The Conservative-run council wants an energy-from-waste facility built near junction 12 of the M5.
A consortium of Urbaser and Balfour Beatty has been awarded a 25-year contract, worth £500m, despite no planning permission being in place.
Opposition parties failed in their bid to overturn the decision to build the plant at a meeting on Tuesday.
More than 50 people protested outside Shire Hall wearing gas masks and protective suits.
Councillor Stan Waddington, cabinet champion for waste, said: "We're working really hard to build a clean, safe and environmentally friendly way of disposing of rubbish that can't be recycled.

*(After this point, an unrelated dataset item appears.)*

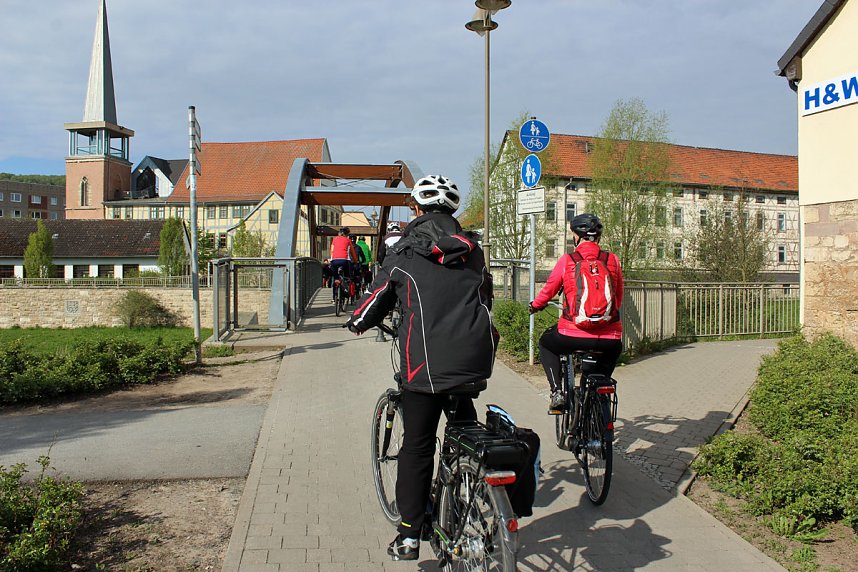 Mit dem Rad unterwegs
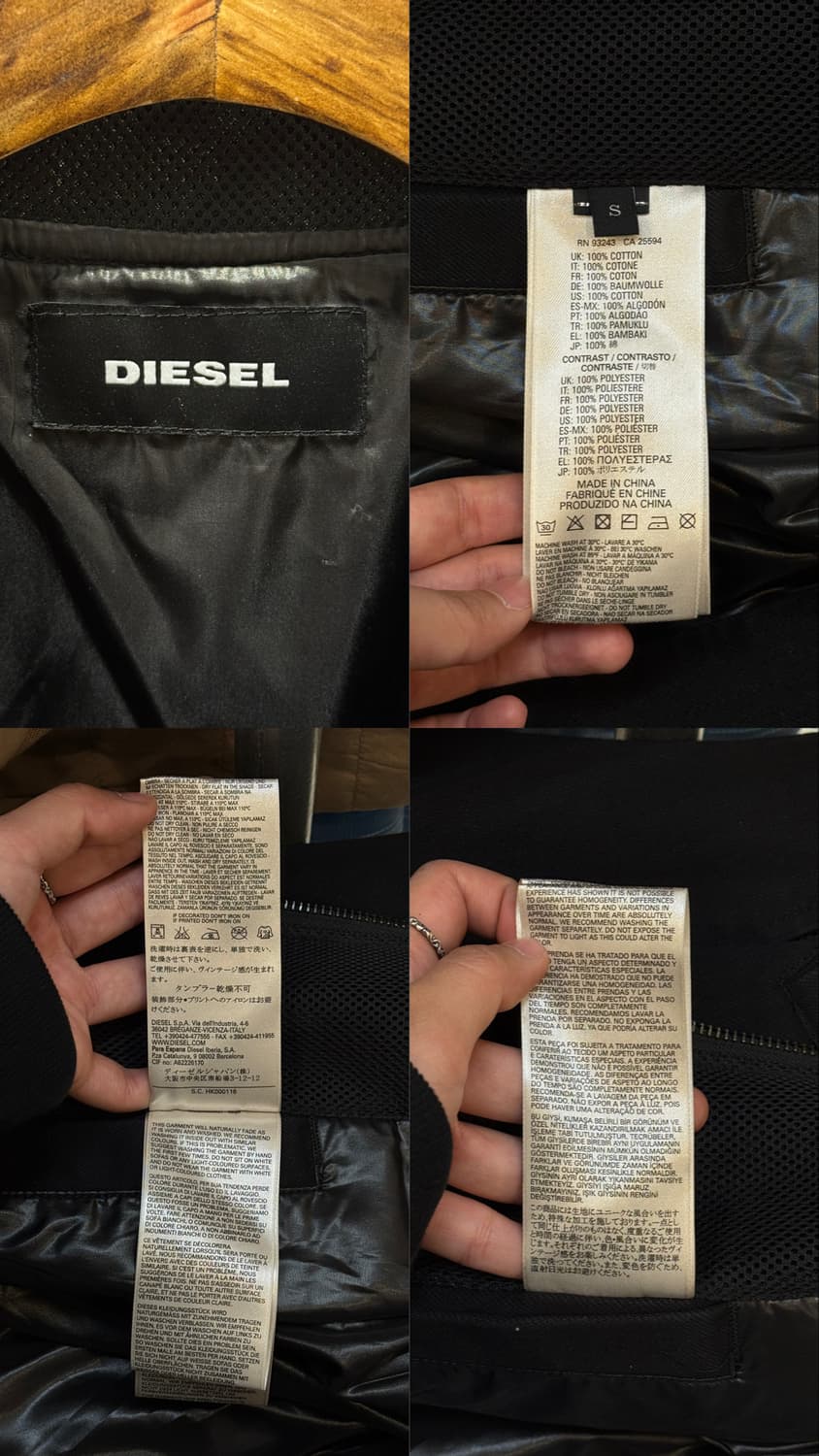 디젤 투웨이 바이커 자켓 상품이미지10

"I'm pleased the committee has backed our plans, which will also save people in Gloucestershire around £190m."
Lib Dem leader Jeremy Hilton said he believed the council was "taking a huge reputational and financial risk" in awarding a 25-year contract when there are "clearly other alternatives."
Sue Oppenheimer, chair of campaign group GlosVAIN, said the incinerator plan was "not a done deal".
"Cabinet say that signing this contract now is prudent, but instead it is reckless and unnecessary to do so before planning permission has been granted," she said.
She added: "Around the country, many applications for similar incinerators have been rejected at the planning stage and there are many good reasons for this application from Urbaser and Balfour Beatty to be turned down."
Plans for the scheme were submitted to the council in March for approval and the incinerator is due to open in 2015.